Alors, pourquoi d’autres provinces canadiennes ont, elles, précisé ce droit particulier à l’allaitement alors que je prétends que cela n’est pas nécessaire et même possiblement limitatif en droit québécois? Nous avons, au Québec, un régime de droit particulier qui s’interprète différemment de celui des autres provinces et où l’énumération est plutôt perçue comme une limitation. La loi s’interprète de manière tout à fait inverse dans le reste du Canada.
Ainsi, dans ces provinces, la seule mention d’interdiction de discrimination à l’égard de la femme ne serait probablement pas suffisante pour protéger l’allaitement public.

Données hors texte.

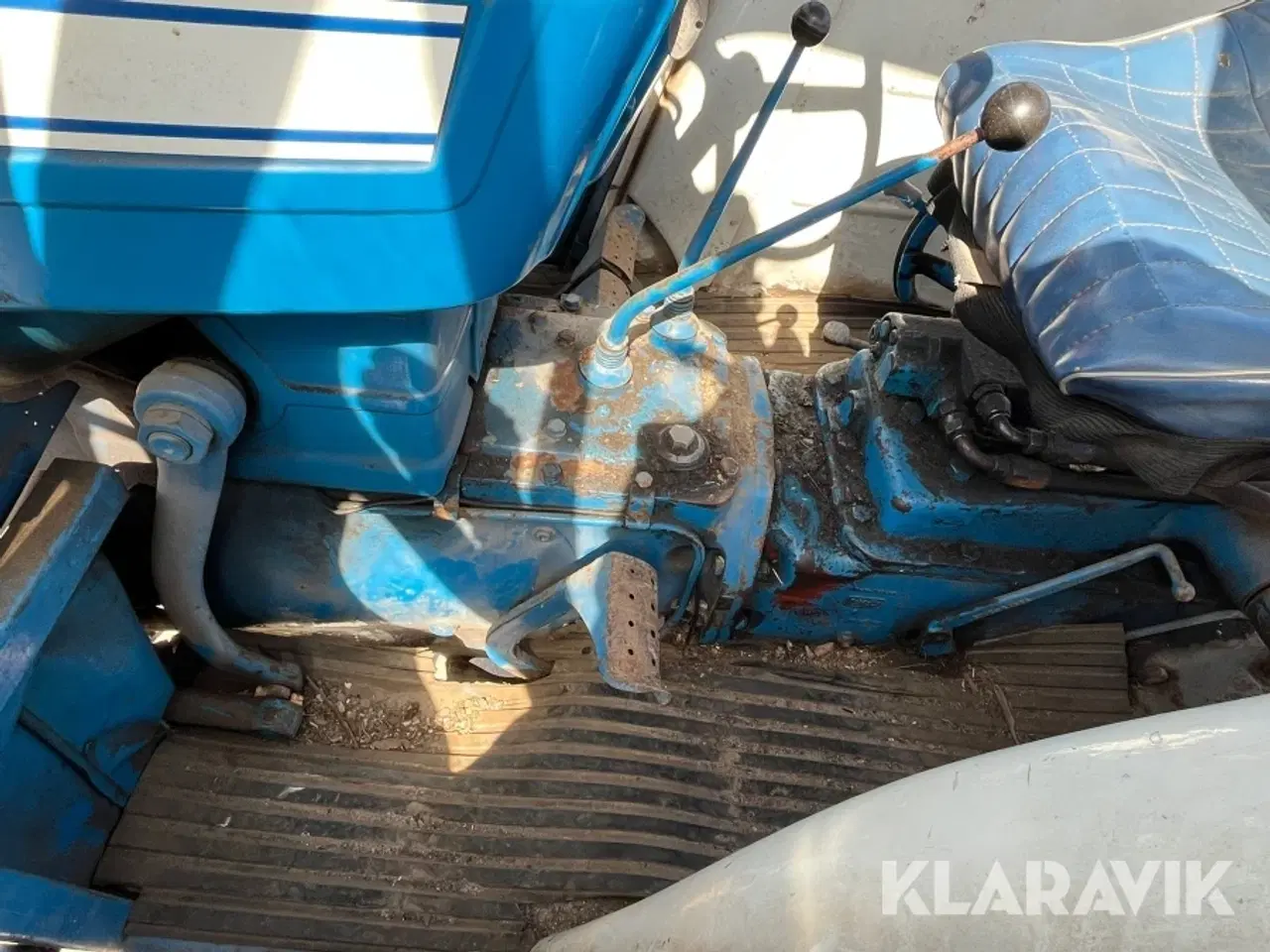 Billede 10 - Veterantraktor Ford 5000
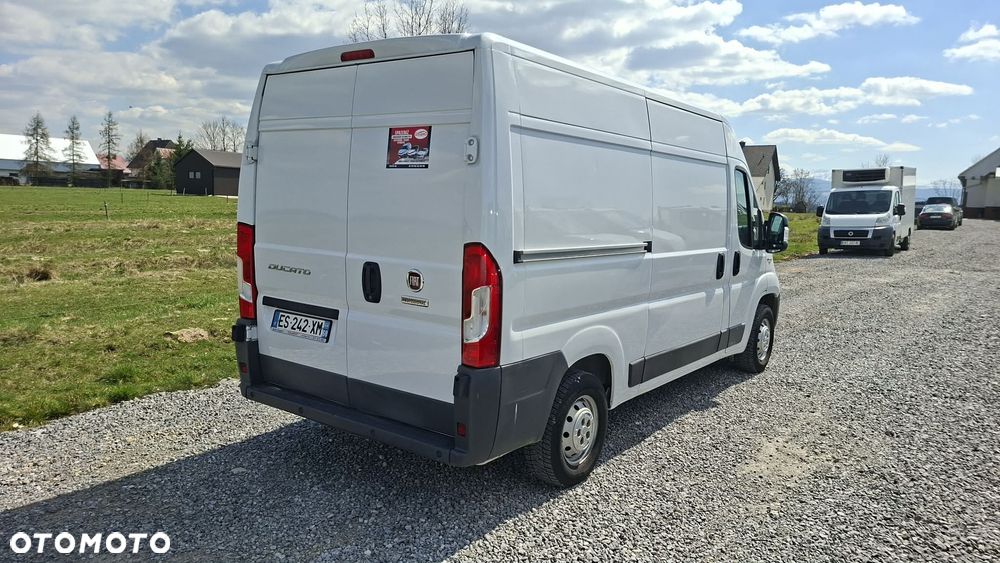 Fiat DUCATO 2.3 DCI - 2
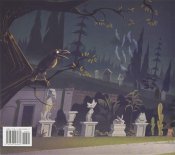 Disney Parks Presents The Haunted Mansion Hardcover Book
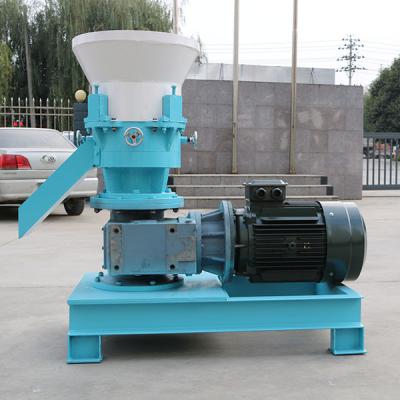 中国 900-1200kg/H Straw Pellet Machine ODM Animal Feed Extruder 販売のため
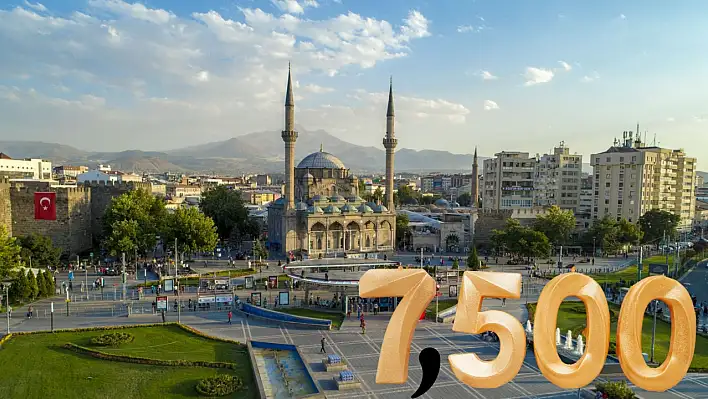 Kayseri Büyükşehir'den üniversitede öğrencisi olan ailelere müjde: 7 bin 500 TL destek verilecek – İşte detaylar…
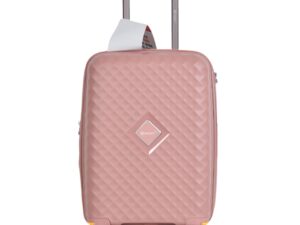ADWARD POLO Luxury Family Size Trolley Luggage – 014 (Pink)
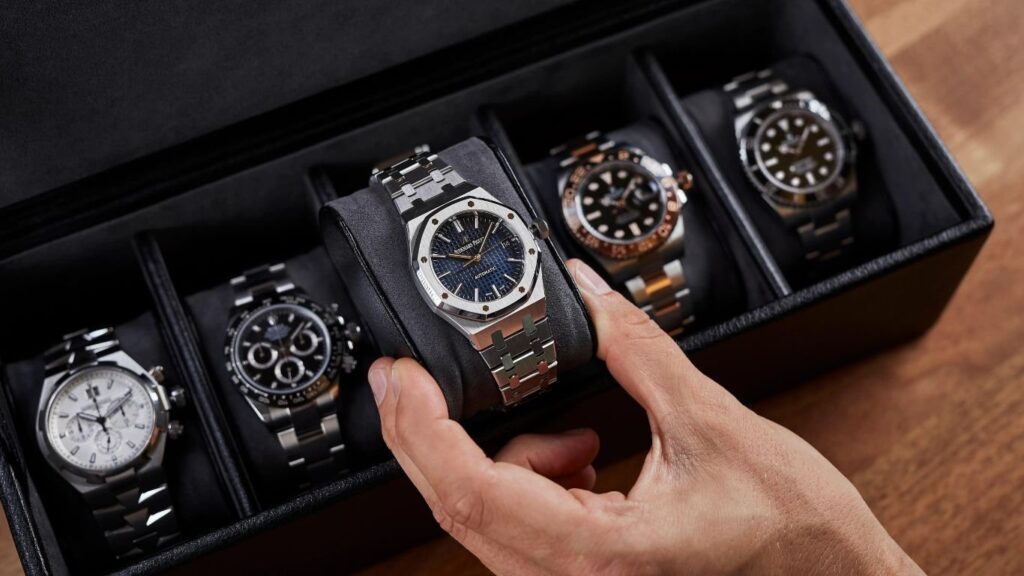 comprar réplicas de relojes de lujo a buen precio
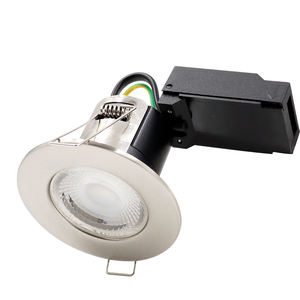 Anti-éblouissant encastré cob a mené le plafond de lumières downlight dimmable <span class=keywords><strong>logement</strong></span> <span class=keywords><strong>neuf</strong></span> - Product Image 4
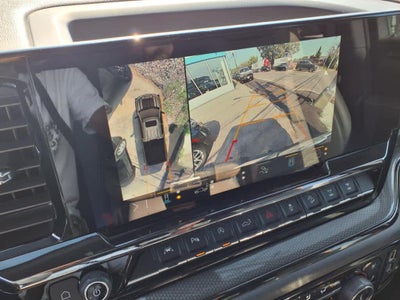 2023 Chevrolet Silverado 1500 ZR2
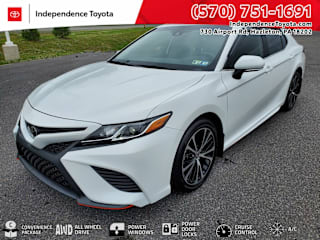 2020 Toyota Camry SE 4T1M11BK8LU007029 2020 Toyota Camry SE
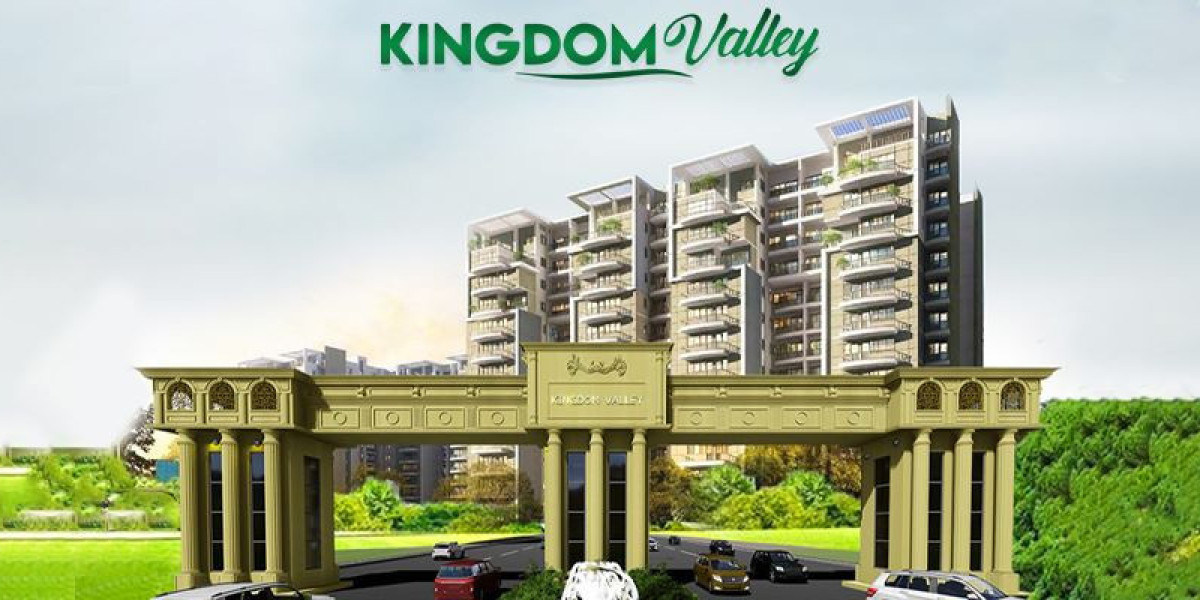 Kingdom Valley: An Investment that Brings Luxury and Security Together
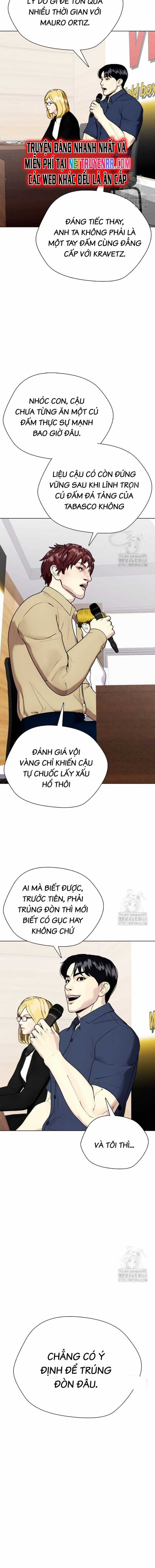 Loser Giỏi Võ - Chapter 107 - Trang 28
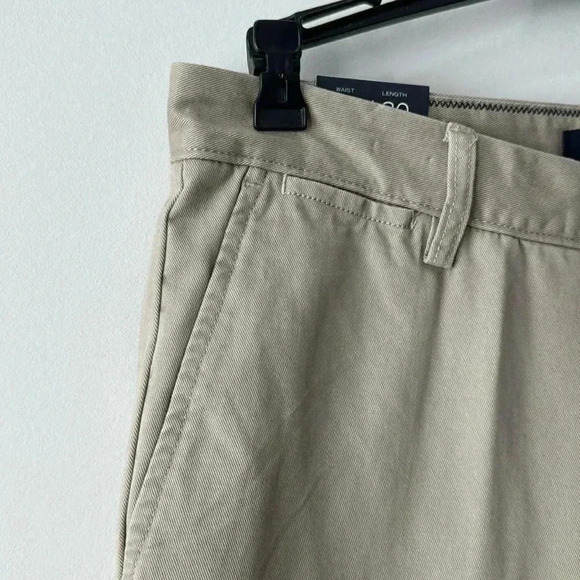 Nautica Men's Classic Fit Twill Men's Trousers Size 30x30 - Picture 8 of 16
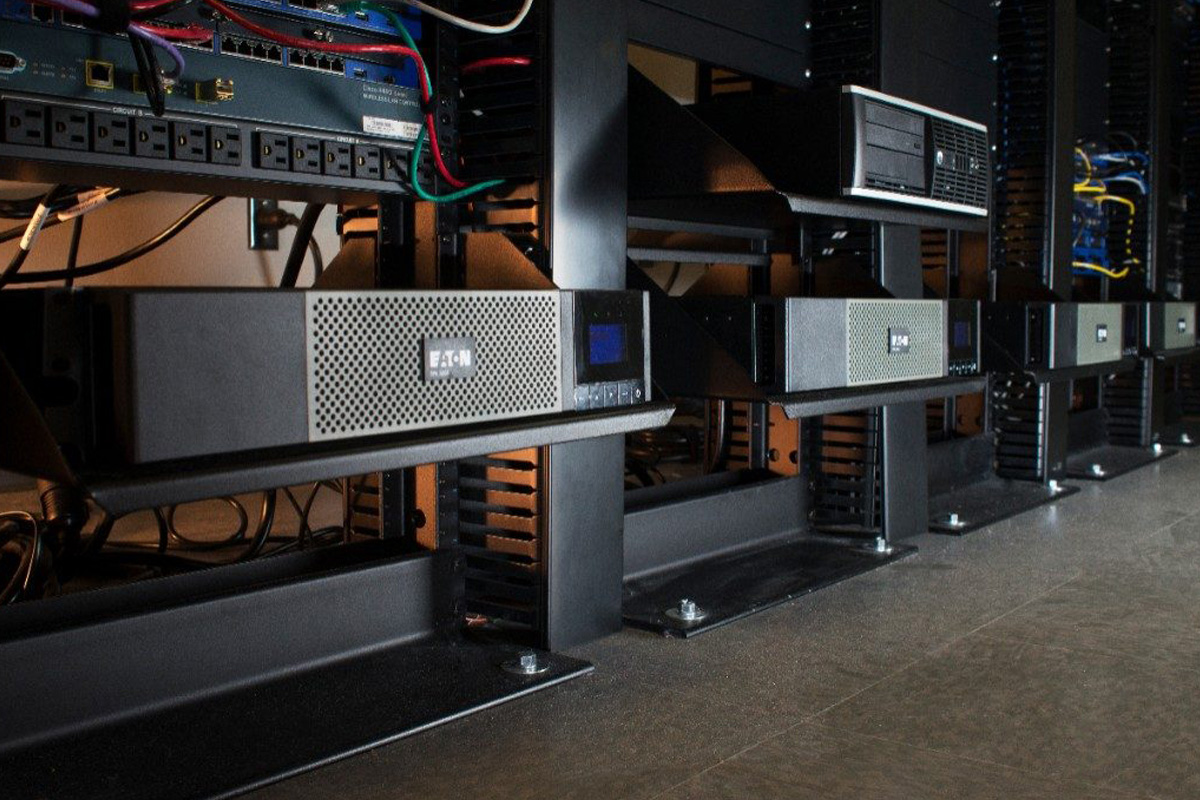 Modernise your UPS estate with Eaton's latest technology..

Alors, quelle est la solution? Il faut se plaindre pour forcer les intervenants en position de force à respecter les droits que nous avons déjà. Dans le cas d’une discrimination fondée sur la Charte québécoise, il suffit de faire une plainte à la Commission des droits et libertés de la personne, qui par la suite, fait enquête et prend les procédures judiciaires au besoin. Il faut encourager la dénonciation. Il n’est même pas nécessaire de contacter soi-même un avocat. Il faut supporter ces femmes qui ont le courage de dénoncer la discrimination. Mais surtout, il ne faut pas colporter que ce droit n’existe pas! L’ignorance transfère tous les pouvoirs aux contrevenants!
Ce contenu a été mis à jour le 23 août 2014 à 12 h 36 min.